The good news is that the risk can be lowered (and even eliminated) with proper planning, training, and supervision. This means that the construction site manager(s), owner(s), and supervisor(s) must work to find the right safety measures that will help keep people working on elevated structures safe.
If you are looking for ideas for safety measures, we put together a list of the most common and reliable prevention methods that will help you keep everyone safe without bloating the budget.
1. Using OSHA-Compliant Safety Gates
Safety gates can prevent access to scaffolding or other elevated construction structures for unauthorized personnel. Also, an adjustable safety gate that’s sturdy enough, can serve as a stopper if someone tumbles down the stairs. This way, they may get a few bruises, but they won’t fall any further.
2. Using Fall Arrest Systems
Safety harnesses, ropes, and systems that secure someone who has to work at high altitudes are a must-have on a construction site. Also, everyone must wear appropriate equipment, starting with protective helmets and steel toed boots (if the situation deems it necessary).
Also, it’s crucial that you provide workers with the right type of ladders (in terms of length and sturdiness), that have a securing system that’s easy to use even when outdoor conditions aren’t very friendly.
3. Safety Nets
Not all workers need harnesses and systems to secure themselves to the building. Most people who work on scaffoldings will also be inconvenienced by the ropes and cords, and the situation could turn dangerous if a group works in close proximity.
So, to keep everyone safe, safety nets need to be attached to the scaffolding. This way, if an accident occurs, the net will catch anyone falling off.
4. Do a Job Hazard Analysis
This may require the presence of a specialized company (if your construction site doesn’t have a safety specialist already) and implies a thorough analysis of the current settings. This analysis will help you understand the main risk on this specific construction site and will point out the best safety measures to apply.
The Job Hazard Analysis will also take a critical look at your existing equipment and decide if it’s still safe to use. You may also have to replace used cords, weakened rails, and other pieces affected by rain, sun, or cold temperatures.
5. Training Sessions
You can’t have all that fancy equipment around and not teach people how to use it, right?
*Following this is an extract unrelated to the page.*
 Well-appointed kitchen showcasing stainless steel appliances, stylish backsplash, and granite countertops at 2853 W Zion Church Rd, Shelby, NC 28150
Well, safety training is not just about how to use your equipment, but also about how to make sure you are safe at all times.
Participants also learn how to help someone who has suffered an accident, how to be careful when operating heavy machinery, and why work protocol must be respected at all times. Plus, safety training must be repeated every few months to make sure everyone is up to date with the norms and regulations.
Working on a construction site is a wonderful job opportunity, but only if the right safety measures are in place. Plus, if you are a construction site manager, you should know that things go a lot faster when people feel safe in their environment.